Written in 1973, this book is somewhat prescient because now one has seen somewhat of a renaissance of Jewish Tradition among the secular and Reformers who are now encouraging more adherence to Jewish Tradition.

Thursday, February 20, 2014

Rebecca Gratz - Women and Judaism in Antebellum America by Dianne Ashton

Professor Ashton has written an excellent American Jewish history surrounding the outstanding personality of Rebecca Gratz of Philadelphia. Gratz is famous probably for the legend about the character, Rebecca of York in the Sir Walter Scott historical novel Ivanhoe.  In the novel, Rebecca of York is invited to stay on with Ivanhoe and his wife, Rowena as court doctor on condition that she converts to Christianity.  The sympathetic Jewish character delivers a formidable defense of remaining true to her people and religion in declining the offer.  In real life, Rebecca Gratz devotes her entire life promoting traditional Judaism and arguing against conversion and intermarriage despite the fact that even some of her siblings marry Christians. During this period of Antebellum America, Evangelicalism keeps pressuring Jews to convert; Gratz only demands respect for her own convictions without preventing her from carrying on close correspondences with her gentile sisters in law.

Gratz was a member of the Philadelphia elite.  Her father and uncle were patriots (Ben Franklin even contributed to the building of their synagogue, Mikva Israel).  Her home was essentially a salon to a literary class - Washington Irving was a frequent guest.  She was a voracious reader and enjoyed writing poetry and excelled at correspondence.  She was a remarkable voice against Reform.  Not believing in parochialism, nevertheless, she understood the need for Jewish education and founded the first Hebrew Sunday School system patterned after the Protestant model.  She also founded the first Female Hebrew Benevolent Society and also the first Jewish Foster Home in Philadelphia.

Antebellum America (first half of the 19th century) was an environment that lacked Jewish Scholarly leadership.  Often times, a Rabbi's credentials could not be verified.  What made Gratz extraordinary was the fact that she did not know Hebrew, but was content with a Siddur with English translation on the opposite side of the page, that her devotion to Judaism was Bible centered with little rabbinic insights.  She was, nevertheless, an implacable foe to any changes to Jewish practice and could not identify with the leaders of Reform, David Einhorn and Isaac M. Wise. She believed that Jewish people had no reason to feel inferior to Christians; that American values demanded equality and respect for all. The dearth of educated Jews was acutely felt because without Jewish education one could not intelligently respond to the arguments of Evangelicalism.  Her clergyman, Isaac Leeser, also acutely understood the need for Jewish education and vigorously defended Traditional Judaism in his influential periodical, The Occident. 
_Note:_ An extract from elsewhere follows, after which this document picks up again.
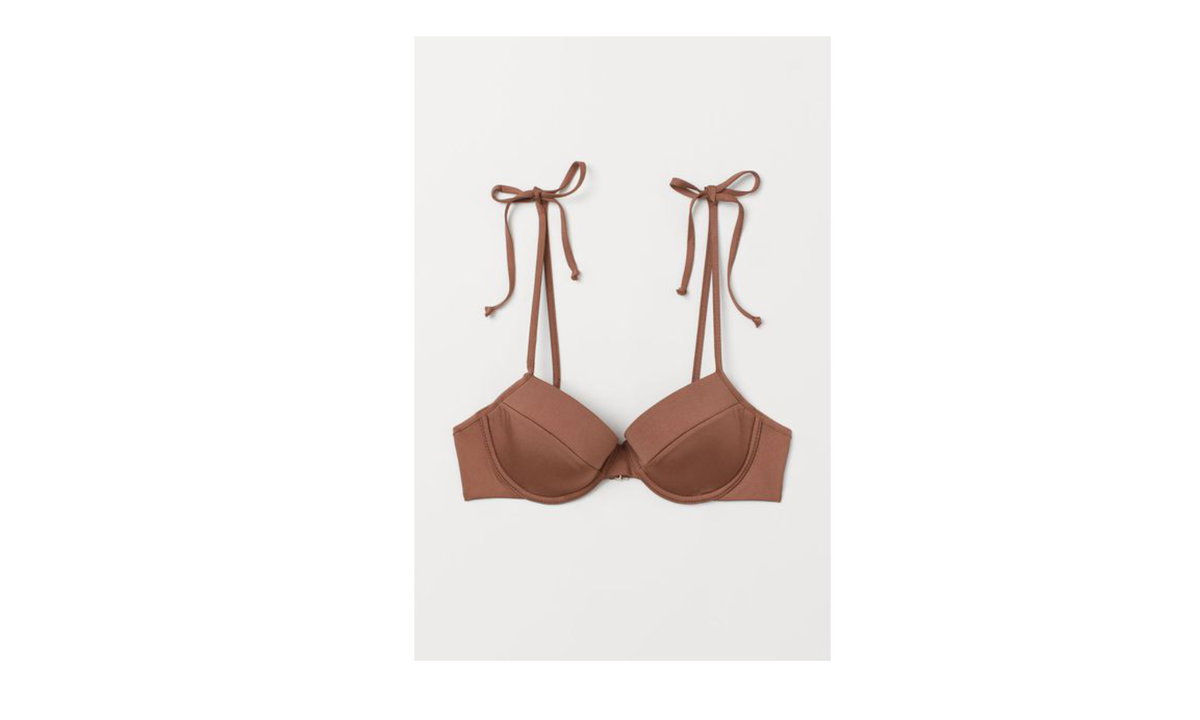 Bikini mit Bügel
The uniqueness of Rebecca Gratz lies in her benevolent work and her spinsterhood.  Although considered an outstanding beauty, she remains single but that does not lead her into a lonely life lacking traditional domesticity.  She often has to care for her immediate family and raise her nieces and nephews when they become orphaned. She expresses a deep love for children and articulates deep affection through her correspondence for her extended family. She is also clearly a powerhouse, an organizational leader in the benevolent community.

Why Rebecca Gratz did not marry remains a curious mystery. As an orthodox Jewess, often defending Judaism, she must have understood the value of marriage.  There is evidence from her correspondences, however, that perhaps she was skittish about entering into a bad marriage.  This is speculation (based on little evidence) that her suitors were gentile and she refused to marry for religious reasons. Unfortunately, why she remains single is a mystery.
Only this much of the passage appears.